Orson Scott CARD
L'ATALANTE
352pp - 19,90 €
Critique parue en octobre 2015 dans Bifrost n° 80
Le Burland est un pays de magie sur lequel règne un roi inique. Jusqu’au jour où un envoyé de Dieu, l’une des trois puissances qui se partagent ce monde avec le principe masculin du Cerf et celui, féminin, des Douces Sœurs, fait à Palicrovol une prophétie. Celui-ci entre alors en rébellion, finit par s’emparer du trône du tyran, qu’il assassine, et dont il épouse la fille en la violant publiquement, histoire de légitimer sa couronne en « vertu » des traditions locales. Le nouveau souverain, magnanime, ne fait pas tuer la princesse bien que tous l’y exhortent, se contentant de la bannir sous la garde du magicien Sleeve.

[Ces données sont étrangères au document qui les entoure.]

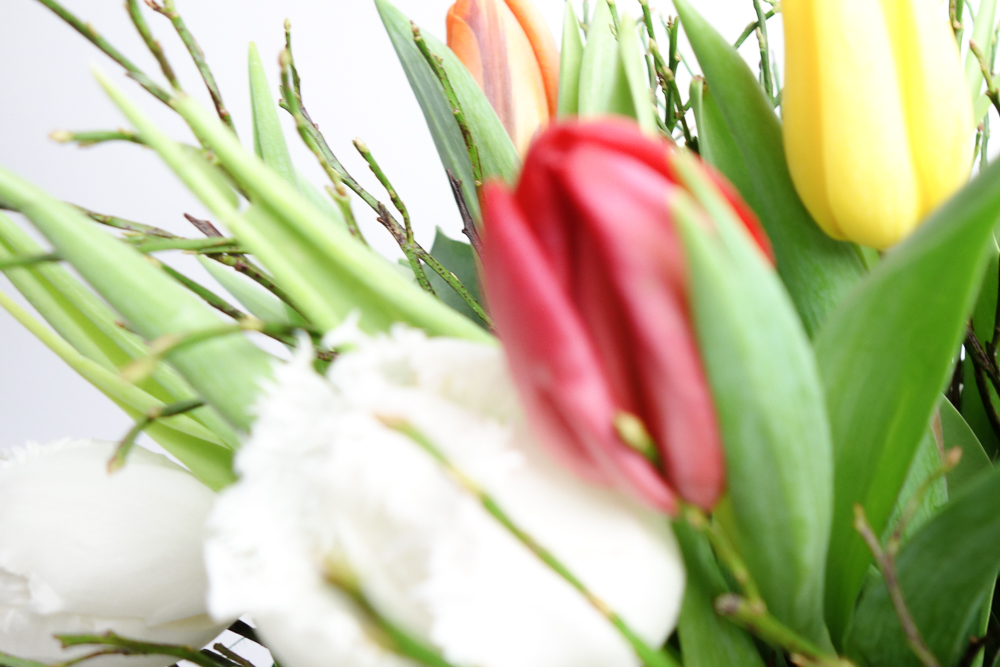 BUNTE TULPEN – Bild 6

Les chiens ne faisant pas des chats, elle va se venger de la plus implacable manière. Sacrifiant sa propre fille — fruit de l’étreinte forcée —, elle s’octroie une magie si puissante qu’elle lui permet d’entraver les divinités de ce monde afin d’y régner sans partage. Trois cents années durant, elle n’aura de cesse d’assouvir sa vengeance encore et encore ; tant sur Palicrovol lui-même que sur ses proches, dont la princesse des fleurs, que Palicrovol devait épouser et dont la magicienne usurpera le corps. Le magicien Sleeve, l’épouse promise et un général devenant ainsi les souffre-douleurs de la nouvelle reine Beauté, tandis que le roi est chassé d’Inwit, la capitale. Mais ce qui reste de magie libre en ce monde va permettre au Cerf de donner un fils à Palicrovol : Orem, Hanches Maigres, qui deviendra le Petit Roi quand Beauté l’épousera sans être au fait de son ascendance…

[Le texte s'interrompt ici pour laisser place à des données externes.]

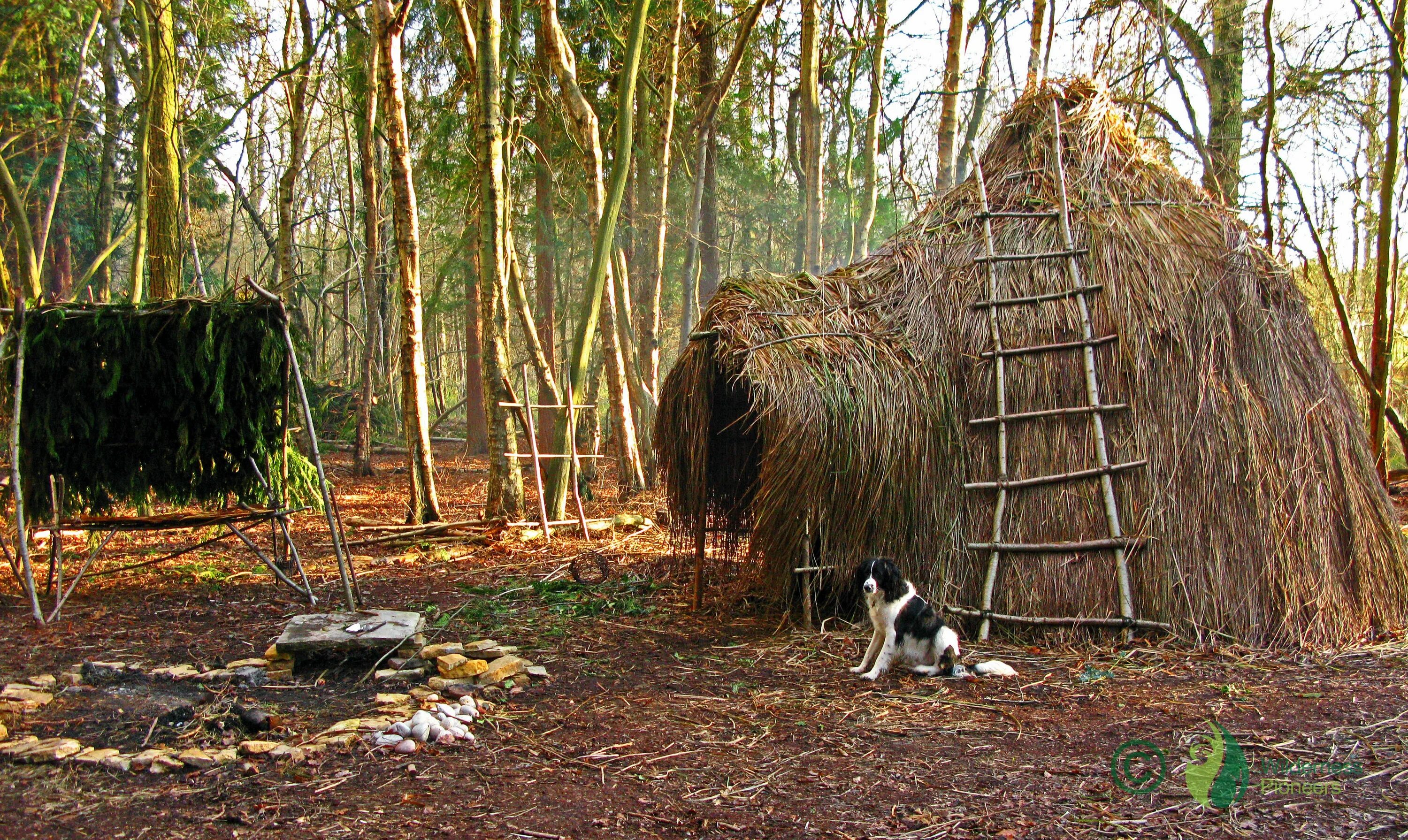 New age camp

Je vais le répéter une fois encore : Orson Scott Card est l’un des tout meilleurs conteurs des littératures de l’Imaginaire, et il le prouve ici à nouveau. Espoir-du-Cerf n’est un roman spéculatif en rien. On n’y trouve aucun renvoi à l’univers du lecteur. Il s’agit d’une histoire intemporelle sur les relations entre les gens, un récit d’amour, de vengeance, de pouvoir, porteur d’une réflexion sur la paternité.
Ce roman est donc l’histoire d’Orem, de Beauté et de Palicrovol lui-même contée par l’un des protagonistes dont l’identité ne vous sera révélée que tout à la fin. Le roman se découpe en trois parties de manière informelle. La première consacrée aux événements qui président à la naissance d’Orem ; la deuxième portant sur la jeunesse d’Orem, alors devenu Hanches Maigres ; la dernière sur sa vie au palais après qu’il a épousé Beauté. Bien des événements de la deuxième partie ne sont que de peu d’importance, mais Card raconte si bien que s’ils venaient à manquer, ils feraient défaut.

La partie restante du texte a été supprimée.